Quand, au petit trot, les guerriers pénétrèrent sans bruit dans la clairière, Hunahpu s’y dressait, éclairé par un rai de lumière. La torche à haute intensité qui, posée entre ses pieds, l’illuminait par-dessous faisait étinceler les aiguilles métalliques au moindre mouvement de son corps tremblant. Comme il l’avait espéré, leurs yeux se portèrent aussitôt sur le sang qui dégouttait encore du bout de son pénis sur ses cuisses ; ils virent aussi ses peintures corporelles et, comme prévu, parurent saisir la signification de son aspect. Ils se prosternèrent devant lui.

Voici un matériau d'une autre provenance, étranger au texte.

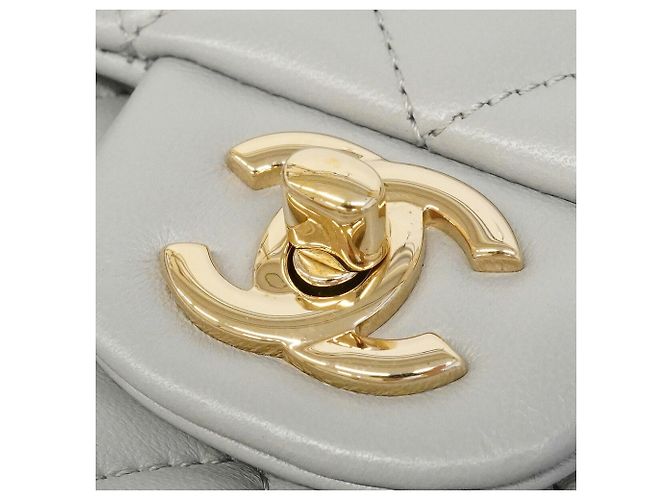 Borsa a tracolla Chanel Matelassé in pelle d'agnello Marrone - vista 9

« Je suis Un-Hunahpu », dit-il en maya. Puis il répéta la phrase en zapotèque : « Je suis Un-Hunahpu. Je suis venu de Xibalba pour vous parler, chiens d’Atetulka. J’ai décidé que vous ne seriez plus des chiens mais des hommes. Si vous m’obéissez, vous et tous ceux qui parlent le langage des Zapotèques serez les maîtres de cette terre. Vos fils ne monteront plus sur l’autel d’Uitzilopochtli car je briserai l’échine des Mexicas. J’arracherai le cœur des Tlaxcaltèques et vos bateaux toucheront les côtes de toutes les îles du monde. »
Les hommes étendus se mirent à trembler en poussant des gémissements.
« Je vous ordonne de me dire pourquoi vous avez peur, chiens grotesques !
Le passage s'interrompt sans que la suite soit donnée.